On June 13, 2019 the Company effected a reverse split of shares of the Company’s common stock on a 1-for-2 basis (the “Reverse Stock Split”). All issued and outstanding shares of common stock, warrants for common stock, options to purchase common

7


 

stock and the related per share amounts contained in the financial statements have been retroactively adjusted to reflect this Reverse Stock Split for all periods presented. The par value and authorized shares of common stock were not adjusted as a result of the Reverse Stock Split. Additionally, the authorized, issued and outstanding shares of redeemable convertible preferred stock and convertible preferred stock and their related per share amounts, other than the conversion price per share, were not adjusted as a result of the Reverse Stock Split.

 

Note 2. Summary of Significant Accounting Policies

Use of Estimates

The preparation of financial statements in conformity with GAAP requires management to make estimates and assumptions that affect the reported amounts of assets and liabilities and disclosure of contingent assets and liabilities as of the date of the financial statements and the reported amounts of expenses during the reporting period.
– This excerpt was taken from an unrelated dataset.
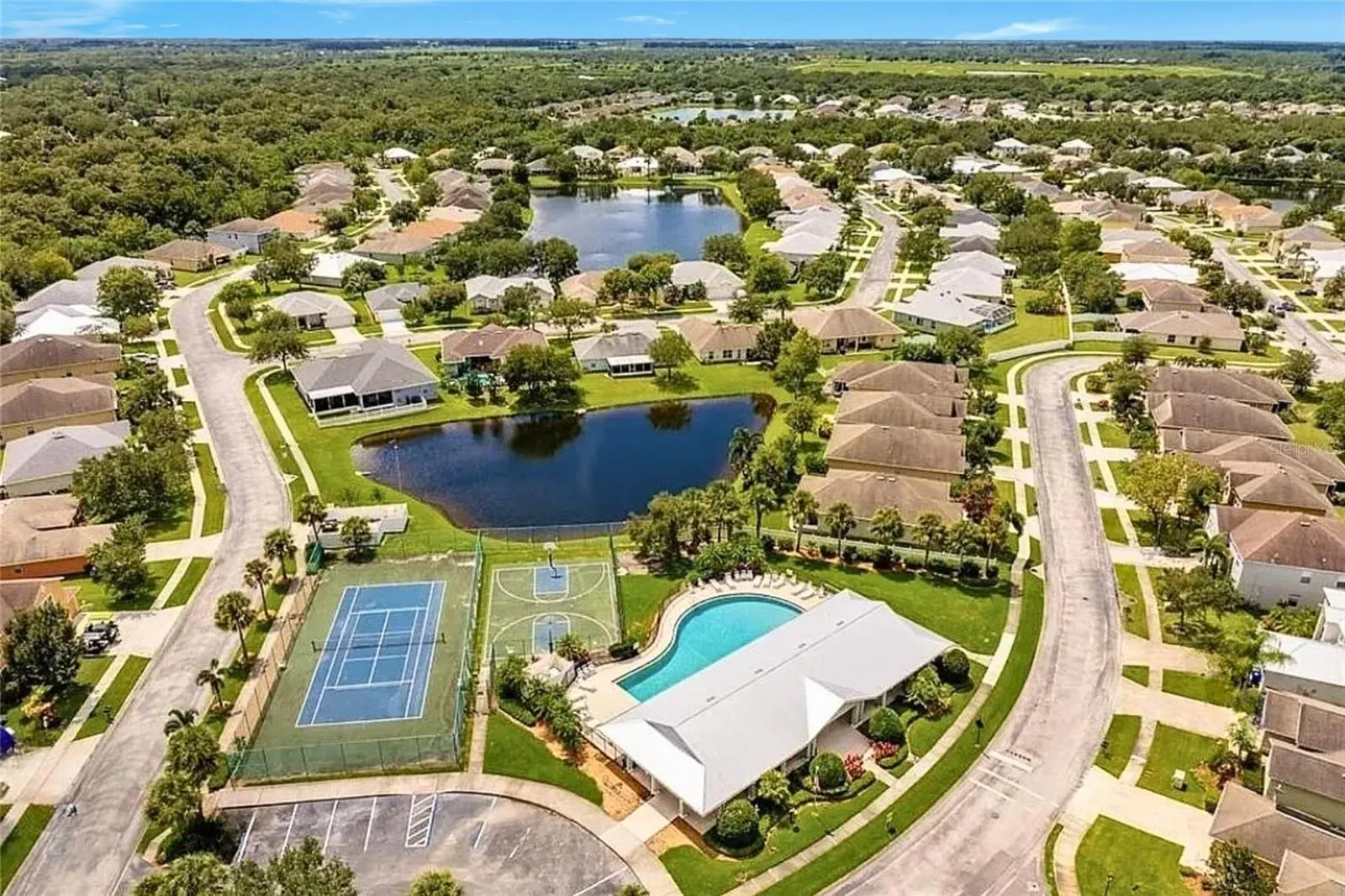 216 STONY POINT DR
Significant items subject to such estimates and assumptions include those related to revenue recognition, including the returns reserve and material right related to the Company’s tiered consignor commission plan, valuation of inventory, stock-based compensation, redemption value of redeemable convertible preferred stock, incremental borrowing rates related to lease liability, and other contingencies. The Company evaluates its estimates and assumptions on an ongoing basis using historical experience and other factors and adjusts those estimates and assumptions when facts and circumstances dictate. Actual results could differ from those estimates.

The Company is not presently aware of any events or circumstances arising from the COVID-19 pandemic that would require it to update its estimates, assumptions or revise the carrying value of its assets or liabilities. Its estimates may change, however, as new events occur and additional information is obtained; any such changes will be recognized in the financial statements. Actual results could differ from estimates, and any such differences may be material to the financial statements.
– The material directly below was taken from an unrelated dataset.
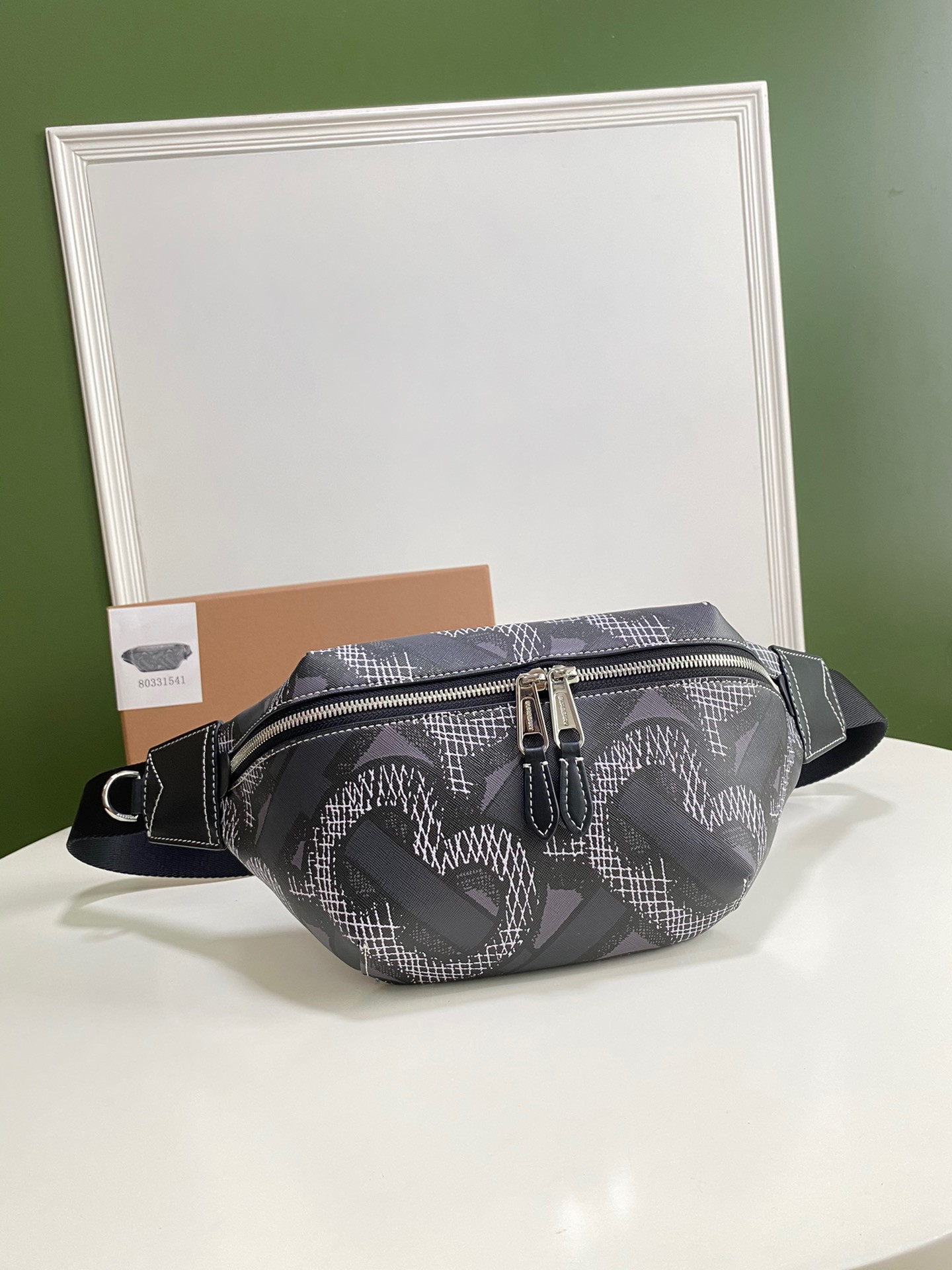 B**rry bum bag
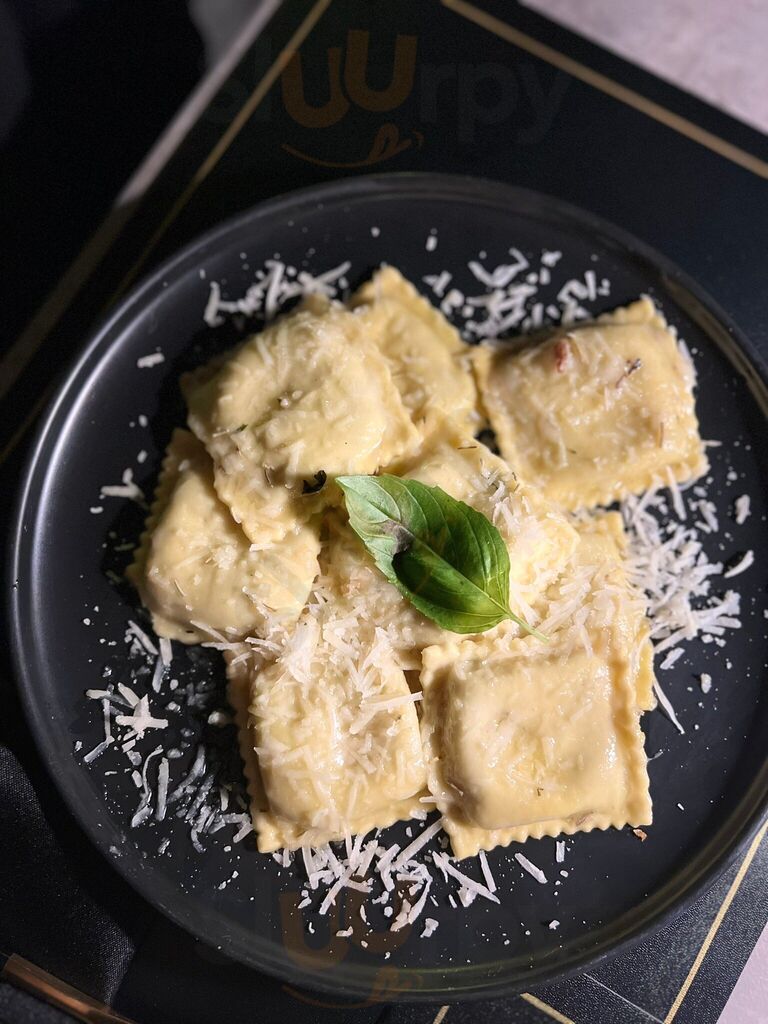 Enzo Bruni La Pizza Gourmet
Net Loss per Share Attributable to Common Stockholders

The Company follows the two-class method when computing net loss per common share when shares are issued that meet the definition of participating securities. The two-class method determines net loss per common share for each class of common stock and participating securities according to dividends declared or accumulated and participation rights in undistributed earnings. The two-class method requires income (loss) available or attributable to common stockholders for the period to be allocated between common stock and participating securities based upon their respective rights to receive dividends as if all income for the period had been distributed. Before the IPO, the Company’s redeemable convertible preferred stock and convertible preferred stock were considered participating securities. However, the holders of such shares did not have a contractual obligation to participate in the Company’s losses.
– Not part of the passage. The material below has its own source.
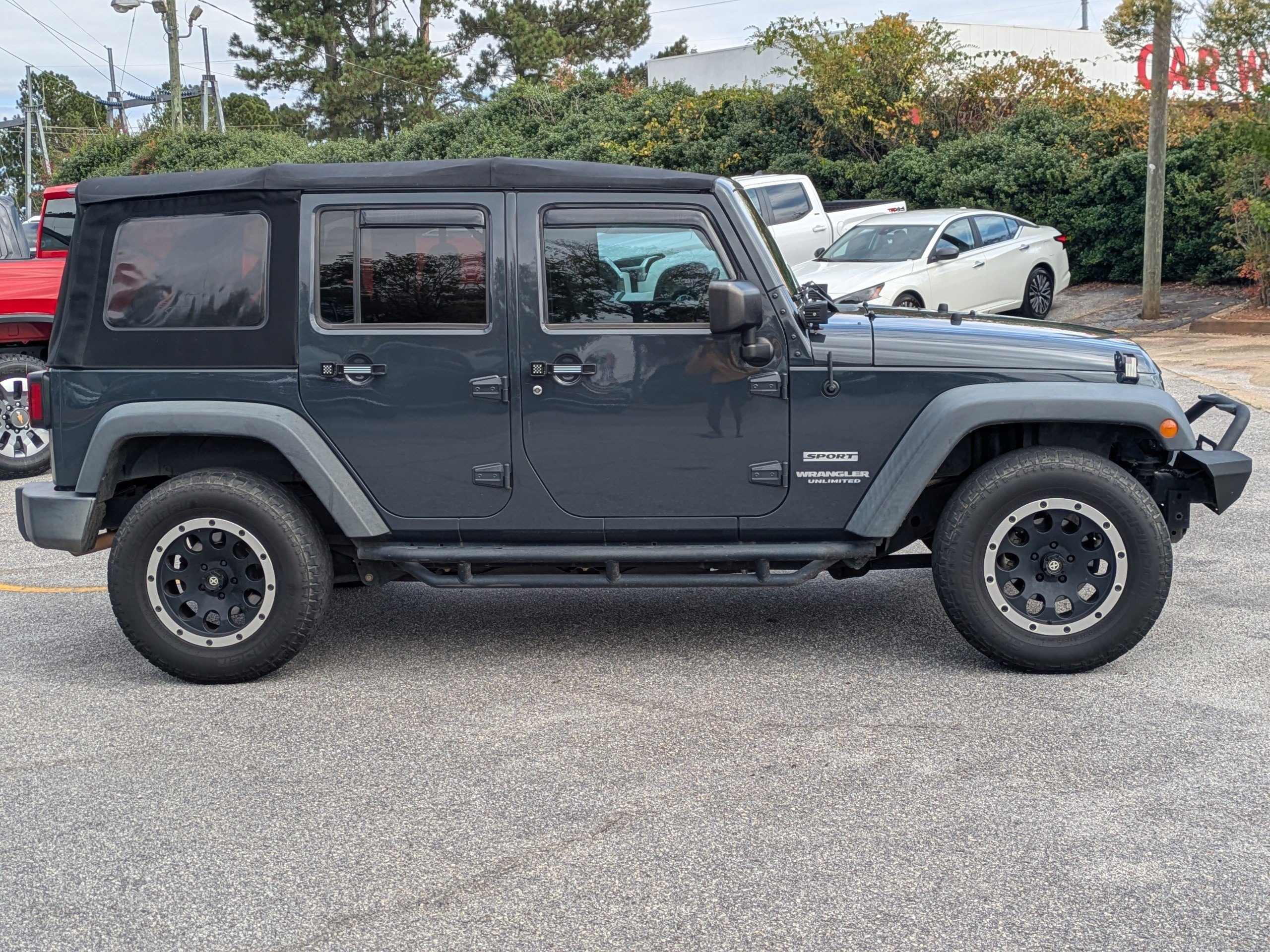 2017 Jeep Wrangler Unlimited Sport photo 2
For periods in which the Company reports net losses, diluted net loss per common share attributable to common stockholders is the same as basic net loss per common share attributable to common stockholders, because potentially dilutive common shares are not assumed to have been issued within the calculation, if their effect is anti-dilutive.

Revenue Recognition

The Company generates revenue from the sale of pre-owned luxury goods through its online marketplace and retail locations.

Consignment and Service Revenue

The Company provides a service to sell pre-owned luxury goods on behalf of consignors to buyers through its online marketplace and retail locations. The Company retains a percentage of the proceeds received as payment for its consignment service, which the Company refers to as its take rate. The Company reports consignment revenue on a net basis as an agent and not the gross amount collected from the buyer. Title to the consigned goods remain with the consignor until transferred to the buyer subsequent to purchase of the consigned goods and expiration of the allotted return period. The Company does not take title of consigned goods at any time except in certain cases where returned goods become Company-owned inventory.

The Company recognizes consignment revenue upon purchase of the consigned good by the buyer as its performance obligation of providing consignment services to the consignor is satisfied at that point. Consignment revenue is recognized net of certain buyer incentives and estimated returns and cancellations. The Company recognizes a returns reserve based on historical experience, which is recorded in other accrued and current liabilities on the balance sheets (see Note 5). Sales tax assessed by governmental authorities is excluded from revenue.

Certain transactions provide consignors with a material right resulting from the tiered consignor commission plan. Under this plan, the amount an individual consignor receives for future sales of consigned goods may be dependent on previous consignment

8


 

sales for that consignor within his/her consignment period. Accordingly, in certain consignment transactions, a small portion of the Company’s consignment revenue is allocated to such material right using the portfolio method and recorded as deferred revenue, which is recorded in other accrued and current liabilities on the balance sheets.

The Company charges shipping fees to buyers and has elected to treat shipping and handling activities performed after control transfers to the buyer as fulfillment activities. All outbound shipping and handling costs are accounted for as fulfillment costs in cost of consignment and service revenue at the time revenue is recognized.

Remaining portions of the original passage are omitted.